That`s great news Bert look forward to meeting you.


----------



## ttrev21 (Jan 30, 2009)

Ok guys I have added a post code , see you all tomorrow


----------



## mighTy Tee (Jul 10, 2002)

Just a reminder if you have PMR Walkie Talkies bring them along we will work channel 4

Richard


----------



## ttrev21 (Jan 30, 2009)

Hi Guys

Thank you to everybody for braving the weather , especially Penny and Dave ( the northerners ) 

A big welcome to Bert and Julia , there first meet , hope to see you guys again

Many thanks to Richard for the mini cruise, it was great to put some faces to some names.

See you all next time

Cheers

Trev


----------



## denTTed (Feb 21, 2007)

Sorry Trev, I've only just got in from last night. :? Still not sure it's legal for me to drive.

Any photo's??


----------



## ttrev21 (Jan 30, 2009)

denTTed said:


> Sorry Trev, I've only just got in from last night. :? Still not sure it's legal for me to drive.
> 
> Any photo's??


Yes mate , I will get them up shortly, computer is refusing to talk to my camera at the mo... :twisted:


----------



## surftt (Oct 5, 2006)

Thanks Richard and Trev for an interesting day. It was nice to meet new faces, the tour was different with some pot hole doggems and the food in the pub was lovely.
Here are a few quick shots from Goodwood:


----------



## phodge (Sep 1, 2002)

A great day! Thanks to Trev and Richard for organising...

It's always nice to meet up with old faces, and to meet some new faces. Lunch was great too.

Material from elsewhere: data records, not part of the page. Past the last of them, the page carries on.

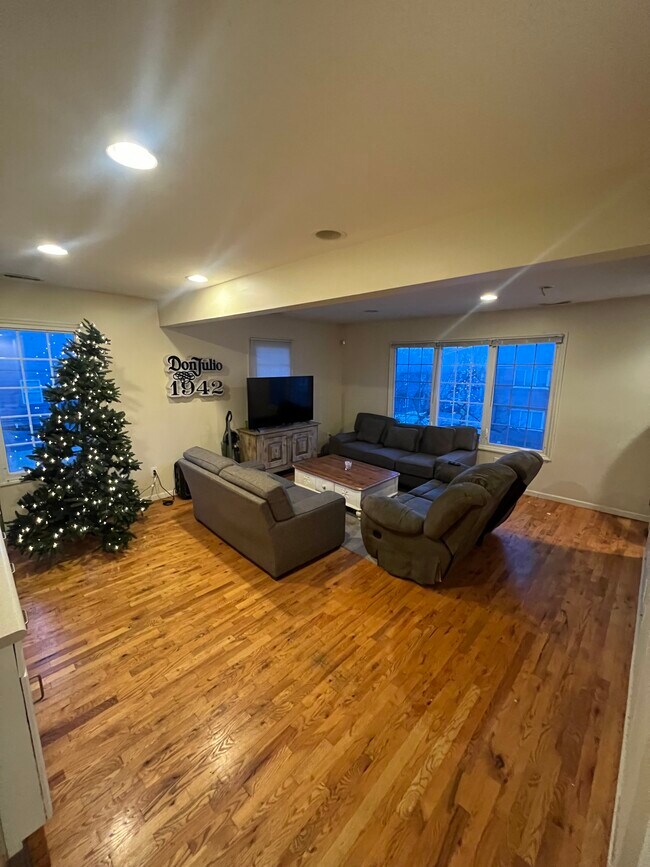 Living room - 285 E 12th Ave Unidad 285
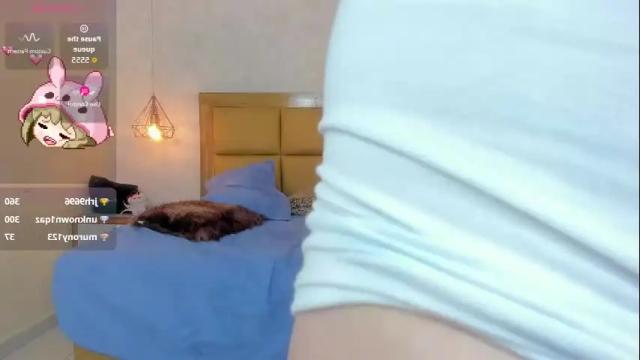 Image 10 of kittytimberlake Stream on Chaturbate on 2 months ago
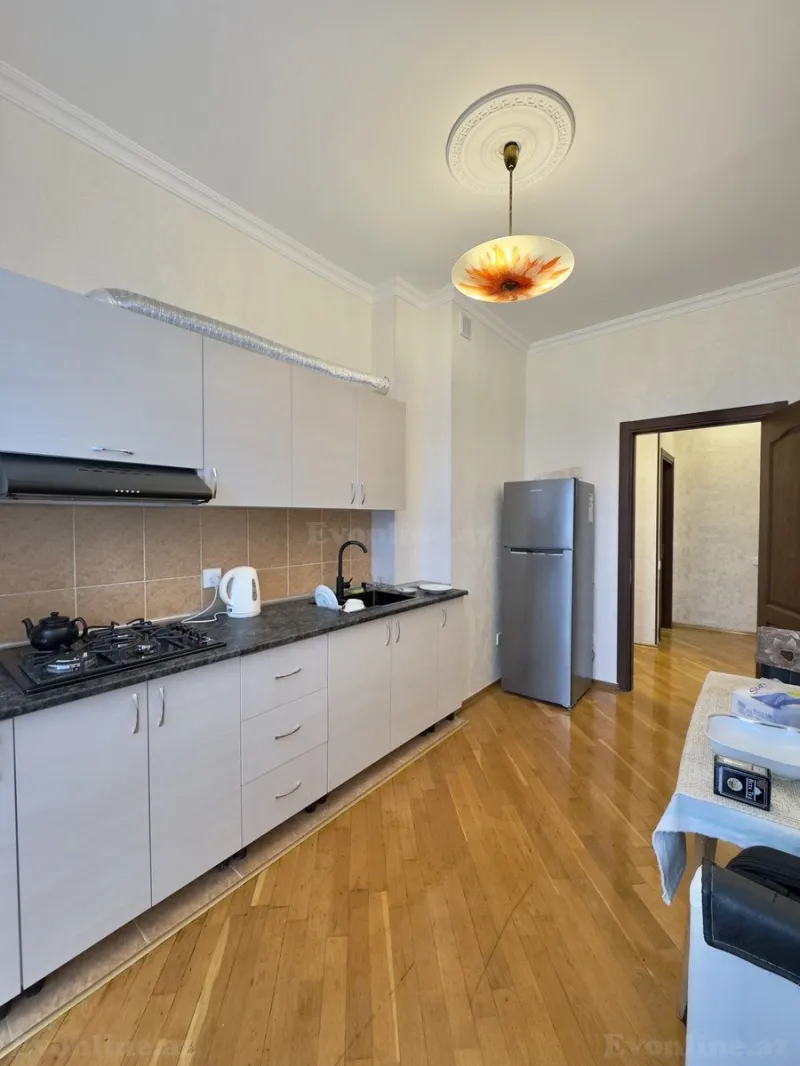 Kirayə verilir 3 otaqlı Mənzil Yeni tikili 130 m² Nəriman Nərimanov m. - şəkil 10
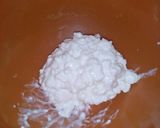 A picture of step 1 of Cottage Cheese Cracker Topper.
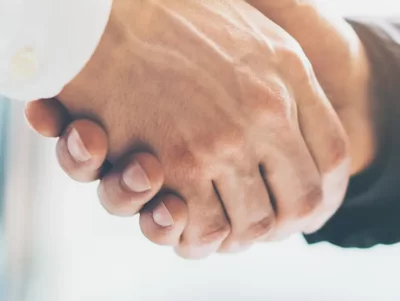 Händedruck Zwei Männer geben sich die Hand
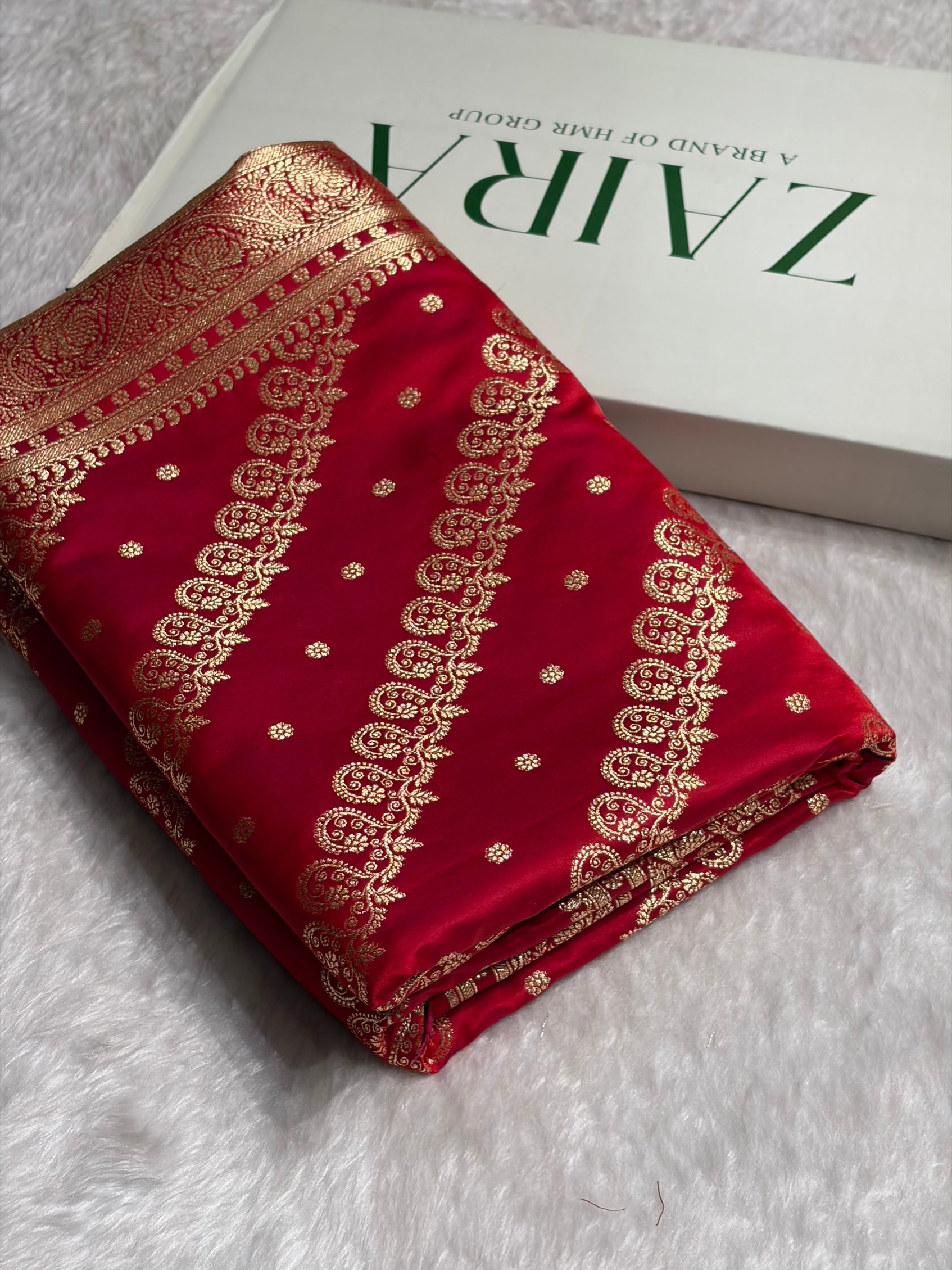 Magentic Red Shades Cross Floral Pattern Satin Katan Silk Saree SK79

Those photos from Goodwood look fab!


----------



## mighTy Tee (Jul 10, 2002)

phodge said:


> A great day! Thanks to Trev and Richard for organising...
> 
> It's always nice to meet up with old faces, and to meet some new faces. Lunch was great too.
> 
> Those photos from Goodwood look fab!


Where are your topless pics? :roll:


----------



## mighTy Tee (Jul 10, 2002)

A few pictures HERE


----------



## Bert (Jun 28, 2009)

Hi All,
Julia and I really enjoyed meeting up with you guys yesterday, it was just a shame we couldn't stay for the Pub Lunch.  
Thanks Trev and Richard for organising the day and we hope to see you all again on the next event which, hopefully won't be so cold and all the potholes will be filled in :roll: .


----------



## ian222 (May 4, 2007)

Good turn out Trev, nice one. Shame i couldnt make it but skint at the mo as snowboarding is around the corner


----------



## ttrev21 (Jan 30, 2009)

ian222 said:


> Good turn out Trev, nice one. Shame i couldnt make it but skint at the mo as snowboarding is around the corner


About to hit the slopes myself , where are you off to ?


----------